Though 2022’s acclaimed debut Under the New Light was the first album under her name, the New York-based songwriter has honed her sound for years as a member of both Dirty Projectors and Coco. Where her debut was built from collaborative improvisation, Goodbye Long Winter Shadow is a collection of songs in the classic sense. Intimate instrumentals punctuate its running time and emphasize the connective sonic palette of orchestral instruments, pianos and guitar. Friedman’s lyricism and writing here is timeless, tightly composed and interspersed with surprising harmonic turns. If not for the heightened quality of its recording by Weinrobe, it might have been made decades ago; it’s Nico’s Chelsea Girl for today.
To begin writing Goodbye Long Winter Shadow, Friedman visited her parents’ home in California and searched their book collection. She was drawn to the zen poetry of Jim Harrison’s After Ikkyū, its sparse forms and momentary bursts of humor. From inspiration, Friedman built a method for writing her album, one she describes as “writing writing writing - editing editing editing - repeat.” After Friedman worked over the words and chords alone with a guitar for months, she turned to Hill to orchestrate parts for strings and woodwinds, having him develop the arrangements further each time a song’s section would return. The resulting songs are immaculately balanced.
Friedman wrote today’s “New Flowers” during a Song a Day week led by Weinrobe. Demoed in her music room with just an Omnichord, it’s probably the most pop-forward song on the album. The track is “about love lost, and the inevitable process of losing oneself and finding oneself again,” says Friedman. “I enlisted my dear friend Hannah Cohen to sing harmonies, and the closing guitarmony solo was dueled out by Maddy Baltor and I, side by side. It was joyful to say the least. We knew this one needed drums so we called in the legendary Kenny Wollesen and he got it on the first take. I love how Oliver Hill interpreted my demo into this beautiful arrangement for woodwinds and strings.” The video for “New Flowers” was directed by Ryan Faist and is made of collected studio footage filmed during the recording of Goodbye Long Winter Shadow.
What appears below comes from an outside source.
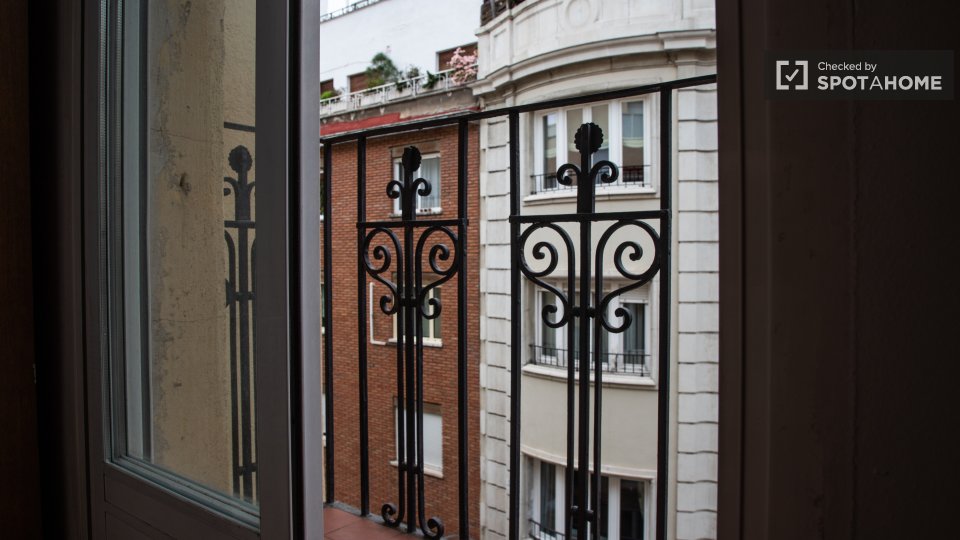Double room Madrid, 5 beds, 120m² — photo 8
Many stories of becoming are woven into the lyrics of Goodbye Long Winter Shadow. In them, the influence of her mother, a Jungian analyst and scholar of mythology, is felt. “She writes of artworks, dreams and myths, and draws connections between the imagery, archetypes and cultures that tell similar stories in different ways,” says Friedman. “It’s a very holistic approach to talking about and exploring mythology and fairytales.” Goodbye Long Winter Shadow is full of elegant evolution as Friedman, in the refinement of her craft and her new identity as a mother, finds new depths to explore. At turns it feels both fresh and like a private press record unearthed for cult listening. It marks new heights for a songwriter operating with supreme confidence.